335 - Integrating metabolomics and Oxidized lipomics Reveals glycerophospholipid- arachidonic acid metabolism mechanism in NEC

Poster Number: 335
Publication Number: 335.133

QinLei Yu, Women's Hospital of Nanjing medical University, nanjing, Jiangsu, China (People's Republic); shuwen Yao, The Women's Hospital of Nanjing Medical University, nanjing, Jiangsu, China (People's Republic); xiangyun yan, Women’s Hospital of Nanjing Medical University, Nanjing Maternity and Child Health Care Hospital,, Nanjing, Jiangsu, China (People's Republic); shuping han, Women’s Hospital of Nanjing Medical University, Nanjing Maternity and Child Health Care Hospital,, nanjing, Jiangsu, China (People's Republic)

Background: Necrotizing enterocolitis (NEC) is one of the most common intestinal acute inflammatory disease in neonates, especially in preterm infants. Glycerophospholipid-arachidonic acid metabolic mechanism has been found to have a possible mitigating effect in NEC.

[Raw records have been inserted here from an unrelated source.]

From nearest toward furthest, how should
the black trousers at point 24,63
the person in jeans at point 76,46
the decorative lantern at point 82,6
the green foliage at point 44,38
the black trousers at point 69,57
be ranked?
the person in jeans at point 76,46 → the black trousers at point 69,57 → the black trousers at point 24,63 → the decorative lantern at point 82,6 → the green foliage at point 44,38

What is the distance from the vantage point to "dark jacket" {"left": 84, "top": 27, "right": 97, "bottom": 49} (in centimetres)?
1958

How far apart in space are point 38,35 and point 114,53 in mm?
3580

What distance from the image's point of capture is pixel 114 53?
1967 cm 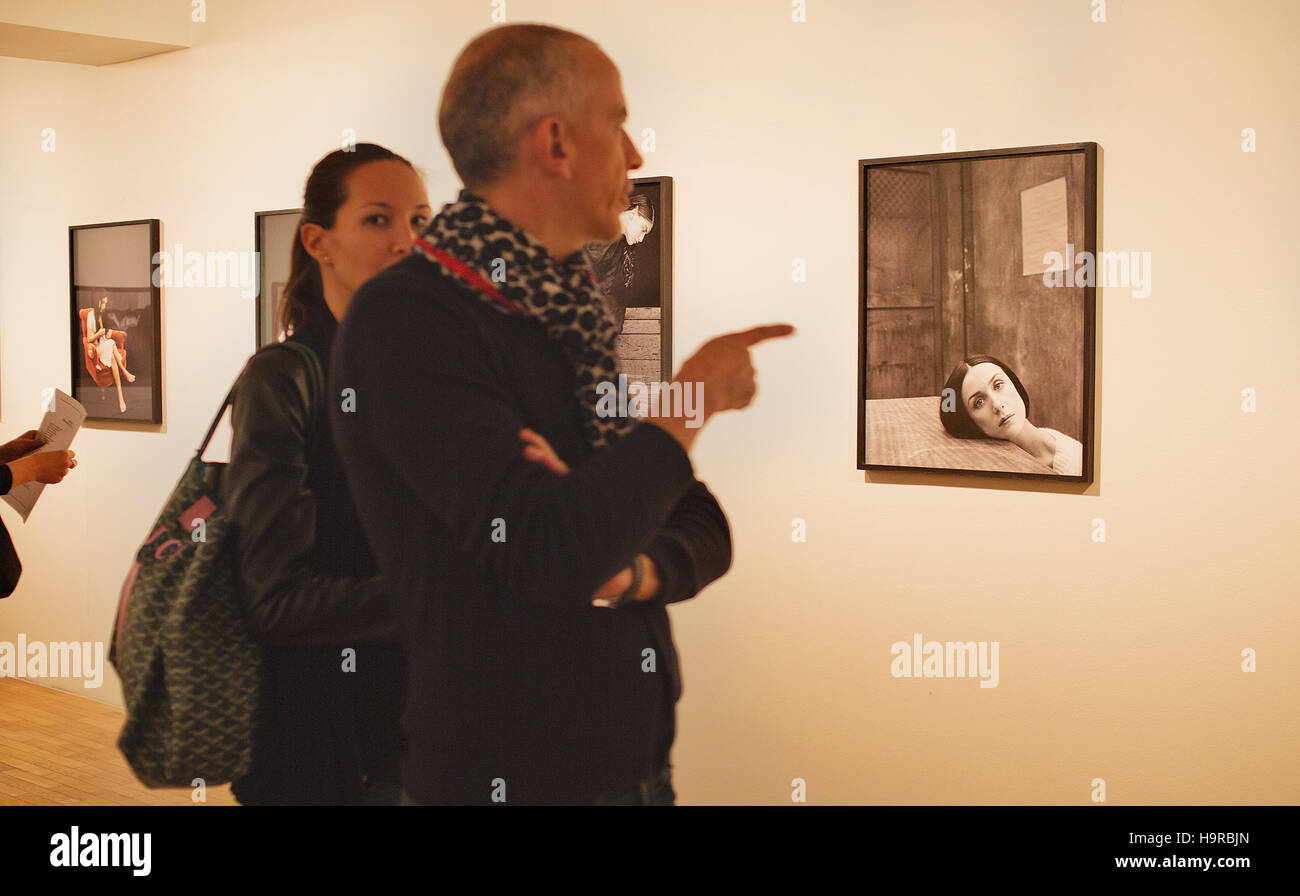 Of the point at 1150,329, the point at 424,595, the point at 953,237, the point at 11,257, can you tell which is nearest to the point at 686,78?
the point at 953,237

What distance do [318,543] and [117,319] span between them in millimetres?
2622

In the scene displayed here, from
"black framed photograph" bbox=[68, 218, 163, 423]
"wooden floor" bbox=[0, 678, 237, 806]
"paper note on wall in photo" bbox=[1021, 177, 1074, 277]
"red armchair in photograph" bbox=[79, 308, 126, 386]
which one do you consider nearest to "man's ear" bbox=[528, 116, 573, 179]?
"paper note on wall in photo" bbox=[1021, 177, 1074, 277]

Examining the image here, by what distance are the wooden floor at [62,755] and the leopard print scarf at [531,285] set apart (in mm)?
2021

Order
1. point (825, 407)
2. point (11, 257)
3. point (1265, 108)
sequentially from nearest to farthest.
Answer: point (1265, 108), point (825, 407), point (11, 257)

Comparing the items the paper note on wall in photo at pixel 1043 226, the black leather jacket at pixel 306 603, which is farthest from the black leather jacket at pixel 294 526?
the paper note on wall in photo at pixel 1043 226

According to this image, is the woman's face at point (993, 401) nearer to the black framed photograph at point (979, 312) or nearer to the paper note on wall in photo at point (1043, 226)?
the black framed photograph at point (979, 312)

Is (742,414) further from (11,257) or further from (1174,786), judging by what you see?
(11,257)

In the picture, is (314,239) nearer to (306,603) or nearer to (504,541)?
(306,603)

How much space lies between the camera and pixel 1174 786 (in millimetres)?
2807

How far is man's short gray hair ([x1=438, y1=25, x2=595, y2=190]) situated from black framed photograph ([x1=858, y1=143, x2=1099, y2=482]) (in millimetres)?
1246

Objective: Possible biomarkers were screened by metabonomics and lipoomics as potential targets for NEC treatment.

Design/Methods:

1. The neonatal rat model of NEC was established by giving formula milk gavage, cold stimulation and hypoxia daily, beginning on day 1 for 4 days. On the last day, feces were collected before execution, and terminal ileum was harvested and divided into two parts to verify the model and carry out  subsequent experiments.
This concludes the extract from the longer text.